> **Task**
The line with "How to download" through the last line of the entries: give these again exactly, and only these, without any pictures.

··· Dataset excerpts ···

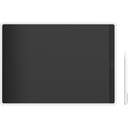 PIZARRA XIAOMI MI LCD WRITING 13,5%%%quot; COLOR EDITION
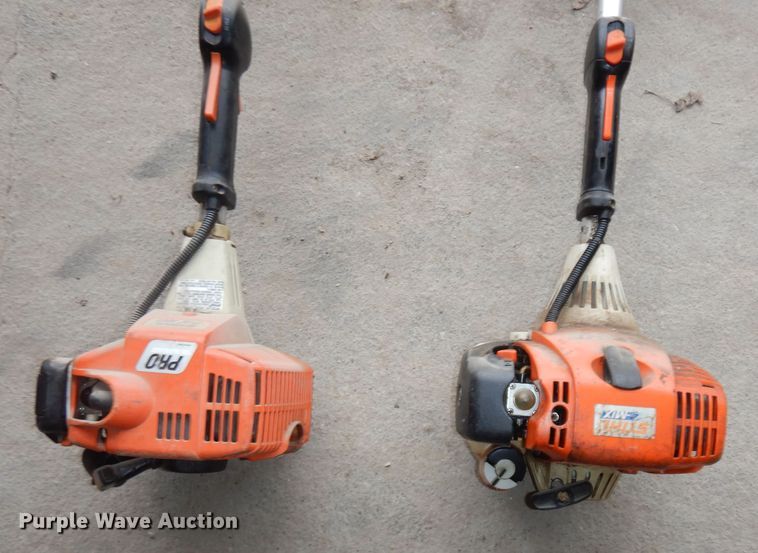 image for item MI9303 Lawn and garden equipment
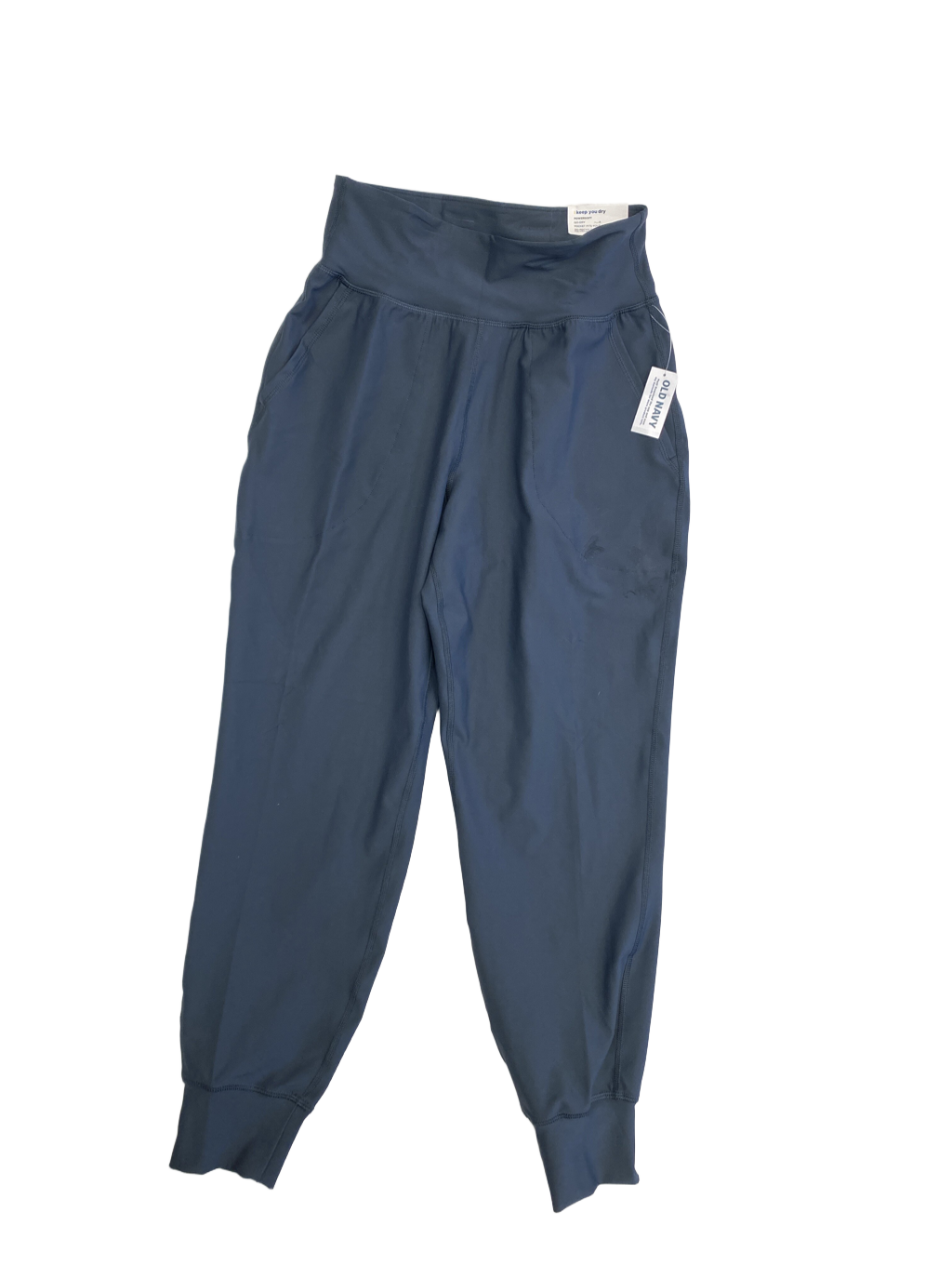 Athletic Pants By Old Navy  Size: S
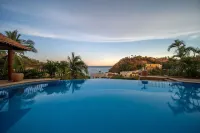 Casa Ceiba Huatulco - Adults Only - Private Pool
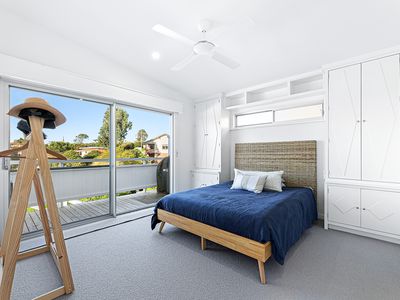 30 Haddrill Parade, Dalmeny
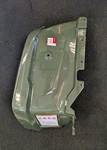 New Honda Rancher Front Green L & Fenders 2014 15 16. Fixed Price $188.00.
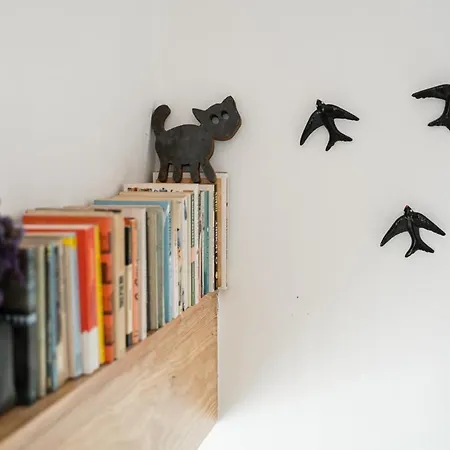 Guestready - Charming Chalet Near The Beach شقة Arcozelo (Porto)
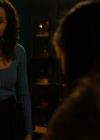 Charmed-Online-dot-nl-Charmed-2x14SuddenDeath0452.jpg
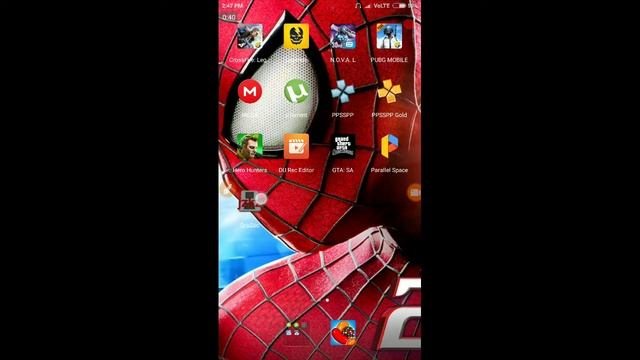 How to download drastic emulator for free смотреть онлайн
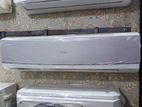Haier AC 1.5 Ton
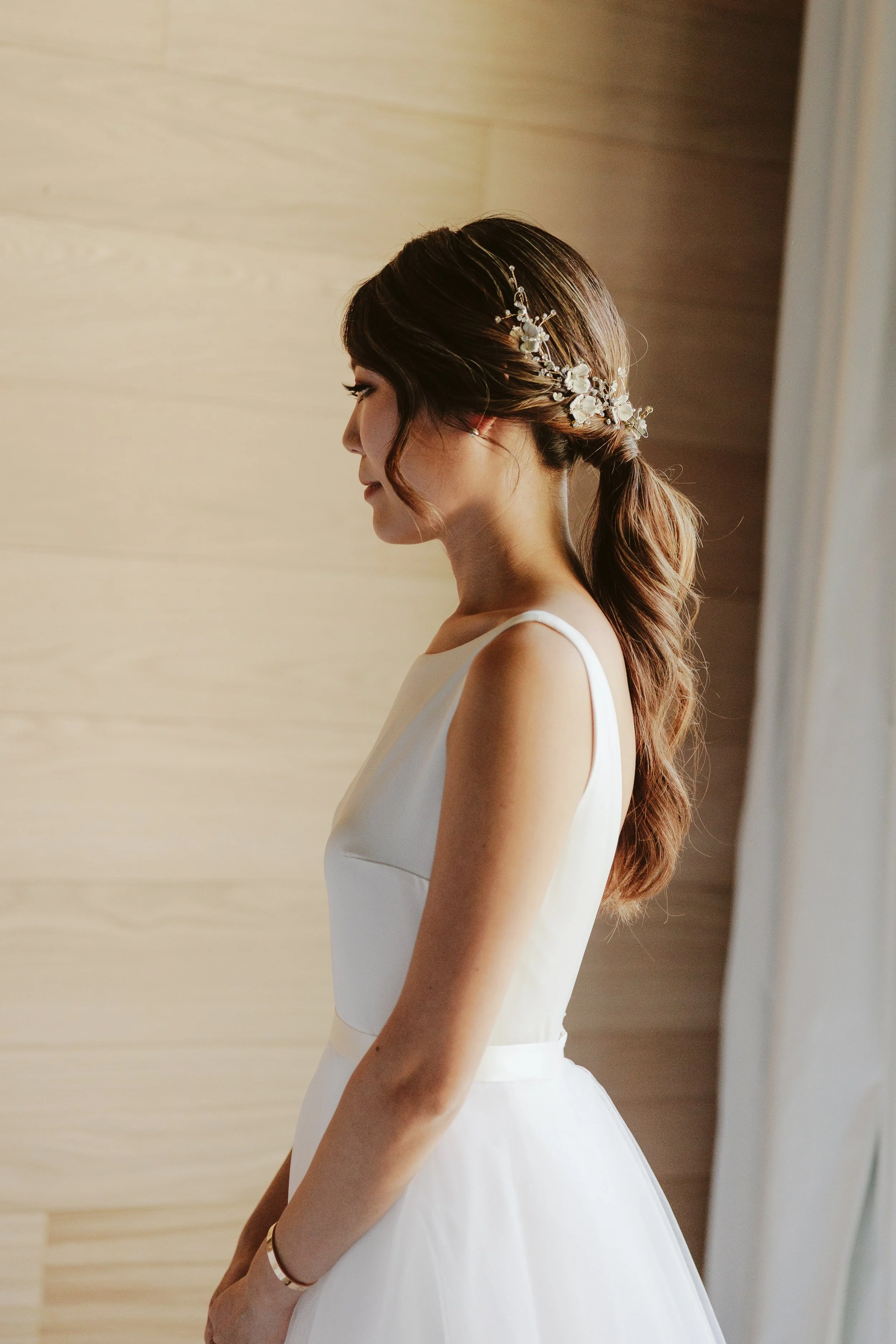 210827 - ellena and calvin wedding -026.jpg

···

> **Answer space**
 How to download drastic emulator for free смотреть онлайн
Haier AC 1.5 Ton
 210827 - ellena and calvin wedding -026.jpg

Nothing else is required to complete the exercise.